This is the mail archive of the guile@cygnus.com mailing list for the guile project.


Index Nav: [Date Index] [Subject Index] [Author Index] [Thread Index]
Message Nav: [Date Prev] [Date Next] [Thread Prev] [Thread Next]

Re: stable sorting


On Mon, 4 Jan 1999, Per Bothner wrote:
> > In applications which work with large amounts of data it is essential
> > that we can sort the data "in place".  Stable algorithms usually
> > require O(N) extra space
> 
> First, merge sort does not require extra space when sorting linked
> lists.  It does require extra space when sorting arrays, but only
> one pointer per record.  (When sorting large amounts of data,
> records are usually much larger than a pointer.)
> 
> Secondly, this is Scheme.  We are supposed to "optimize" for
> correctness, generality, and ease-of-use, not minor space savings.
> If sorting needs 10% or even 20% extra space for a work area,
> who cares?  If you do, you are probably willing to spell
> out unstable-sort or use a more complex interface (such as how
> to manage buffers).

I certainly agree to some extent but what/who says that sorting
beeing stable is a correctness criterion? In most situations you are
happy to get the data sorted as quick and efficient as possible. In
those cases where you really need to care for the order of the equal
items you can certainly also spell out "stable-sort", which also
makes the application program much clearer.

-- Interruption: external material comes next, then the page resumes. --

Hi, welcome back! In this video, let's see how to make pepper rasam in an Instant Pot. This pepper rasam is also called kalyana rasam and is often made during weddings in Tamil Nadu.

> Applications which work with large amounts of data use
> external sorting algorithms based on merge sort.

In my application, (data mining of huge data bases), I do a lot
of sorting and I need the most efficient algorithm available
and have mostly been using quick sort for that.

> > and significant extra time to execute.
> 
> Quicksort has a really fast inner loop, when the comparison
> is cheap and can be inlined.  I.e. it is great for sorting
> integer arrays with a hard-coded comparison function.
> Of course that is totally irrelevant for real applications,
> or for a Scheme sort routine where the comparison is a
> function parameter.  For a library sort routine, do you
> have real data that merge sort would take "significant
> extra time to execute?"

At the moment we use quick sort for arrays and merge sort for
lists. The performance is currently about the same, i.e. about
500 ms for a list/vector 100000 long on a PII300 and a subr as
comparision function.

	Roland Orre